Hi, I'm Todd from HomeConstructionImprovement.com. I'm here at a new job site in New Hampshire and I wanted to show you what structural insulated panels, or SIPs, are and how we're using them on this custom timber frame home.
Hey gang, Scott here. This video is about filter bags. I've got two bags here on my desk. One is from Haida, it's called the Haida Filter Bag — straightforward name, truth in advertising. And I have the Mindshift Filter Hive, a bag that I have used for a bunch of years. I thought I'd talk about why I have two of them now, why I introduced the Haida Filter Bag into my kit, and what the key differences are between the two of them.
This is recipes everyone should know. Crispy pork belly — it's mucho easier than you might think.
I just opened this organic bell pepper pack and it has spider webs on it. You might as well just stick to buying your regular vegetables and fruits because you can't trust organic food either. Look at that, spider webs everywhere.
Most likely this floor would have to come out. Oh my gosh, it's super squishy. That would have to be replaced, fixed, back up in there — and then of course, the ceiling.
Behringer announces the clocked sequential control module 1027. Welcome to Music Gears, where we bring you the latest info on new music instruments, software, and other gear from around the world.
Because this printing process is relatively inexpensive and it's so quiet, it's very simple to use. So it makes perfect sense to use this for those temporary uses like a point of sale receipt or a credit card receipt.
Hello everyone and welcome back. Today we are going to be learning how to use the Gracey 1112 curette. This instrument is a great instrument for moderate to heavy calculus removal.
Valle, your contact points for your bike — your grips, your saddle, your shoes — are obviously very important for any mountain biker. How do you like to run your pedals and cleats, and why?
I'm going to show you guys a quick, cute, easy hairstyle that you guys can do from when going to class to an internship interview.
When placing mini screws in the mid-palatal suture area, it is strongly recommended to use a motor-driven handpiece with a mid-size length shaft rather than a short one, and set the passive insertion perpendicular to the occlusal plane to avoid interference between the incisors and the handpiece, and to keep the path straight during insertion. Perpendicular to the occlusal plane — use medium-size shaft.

--- Instructions to follow ---
Lines to set down from above: the line with "I just opened", the line with "Behringer announces the", and every line between, each exactly as written.

--- Worked solution ---
I just opened this organic bell pepper pack and it has spider webs on it. You might as well just stick to buying your regular vegetables and fruits because you can't trust organic food either. Look at that, spider webs everywhere.
Most likely this floor would have to come out. Oh my gosh, it's super squishy. That would have to be replaced, fixed, back up in there — and then of course, the ceiling.
Behringer announces the clocked sequential control module 1027. Welcome to Music Gears, where we bring you the latest info on new music instruments, software, and other gear from around the world.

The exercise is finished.